Logo Questions Linux Laravel Mysql Ubuntu Git Menu
 

Recommend a fitting LINQ provider to me (SQL server, complex queries)

I've been using LINQ to SQL & to entities for a while and am overall very happy with them. However i know of their limitations and one in particular is becoming a large issue for me.

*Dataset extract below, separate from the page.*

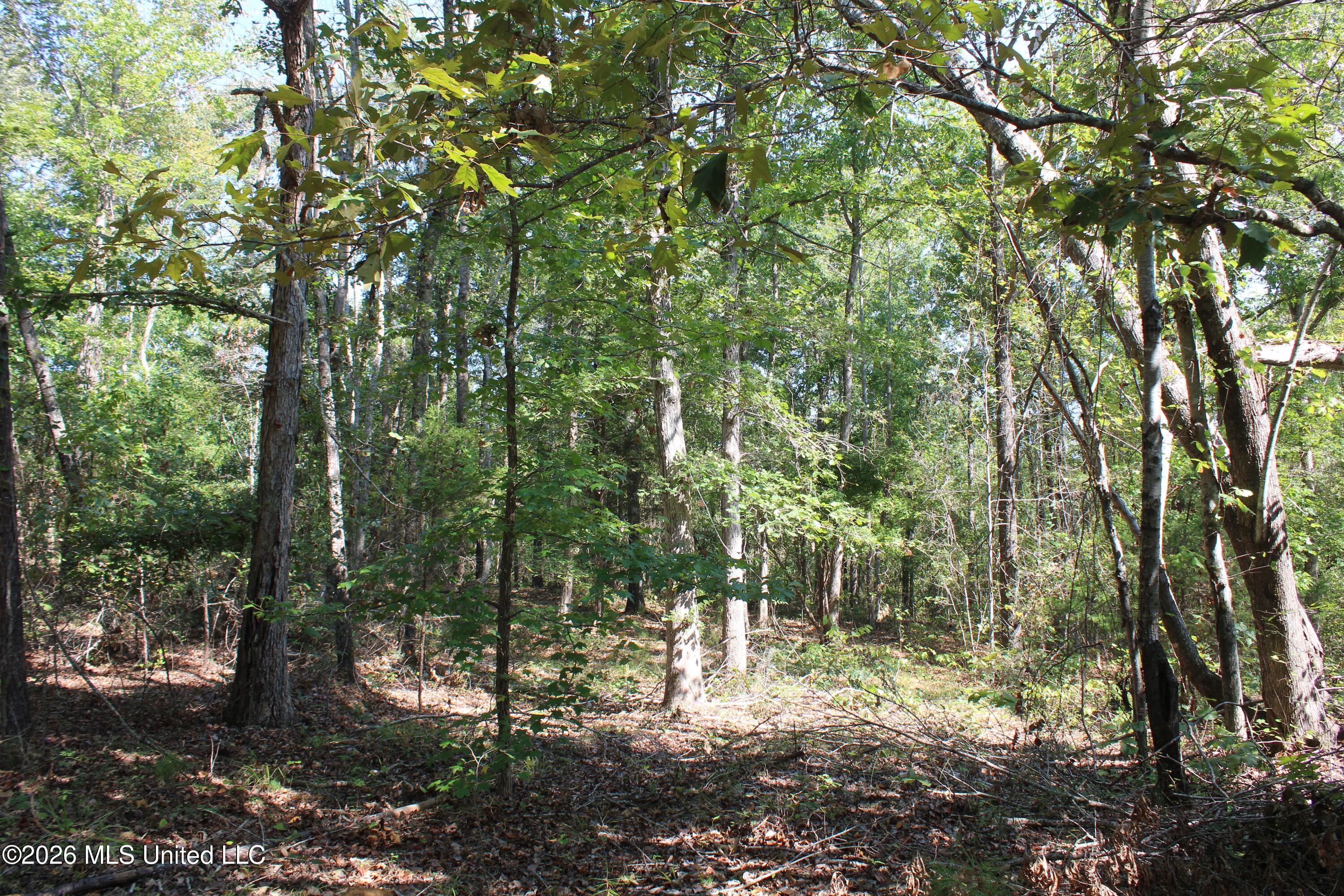 6900 Hwy 370 Property Photo 60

When you do a complex nested query in the form of

MyContext.SomeTable
.Select(item=>new{
    item.SomeProperty1,
    item.SomeProperty2,
    item.NavigationProperty1
        .Select(nav1=> new {// retrieve some properties}), // This triggers a single query as long as don't have more than one subquery
    item.NavigationProperty2
        .Select(nav2=> new {// retrieve some properties}) // This triggers one query PER ROW in the original query
});

The providers i have tested are LINQ TO SQL / LINQ TO entities (and even worse, devart LINQConnect that fares worse and generates 1 per row on the first navigation property)

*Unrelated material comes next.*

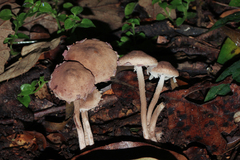 Melanophyllum haematospermum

What i get now that is generated(pseudocode):

select t1.a,t1.b,t2.c,t2.d from mytable as t1
join navproperty1table as t2

and 1 millions (if there is 1 million results in the first set) of queries like this: select t3.e,t3.f from navproperty2table as t3 where id = X (X changing on X query to next element returned by first query)

What i want:

select t1.a,t1.b,t2.c,t2.d,t3.e,t3.f from mytable as t1 
join navproperty1table as t2
join navproperty2table as t3

Now of course if there were 3 rows in the original table it wouldn't be an issue, but i have 10s of thousands to millions of rows in my tables "and" i need a much much much more complex query in a single select (i want to get a complex graph at once). Think 20 + tables with 3-6 levels of nesting accessing an additional 2-5 tables each.

My SQL server can perfectly cope with it, i don't care for the bandwidth either, it's on an instance linked by a gigabit connection, i can't get that data in deferred manner, i actually "use" all of it immediately so it's not just laziness. Right now for performance reasons i had to split the query in many small queries and join them manually on the LINQ to object size, which gives some really nasty code for whoever maintains it but was the only actual solution i had, so overall including all the small queries and final joining, I'm at over 600 lines of unsplitable code in a single method that is totally unmaintainable.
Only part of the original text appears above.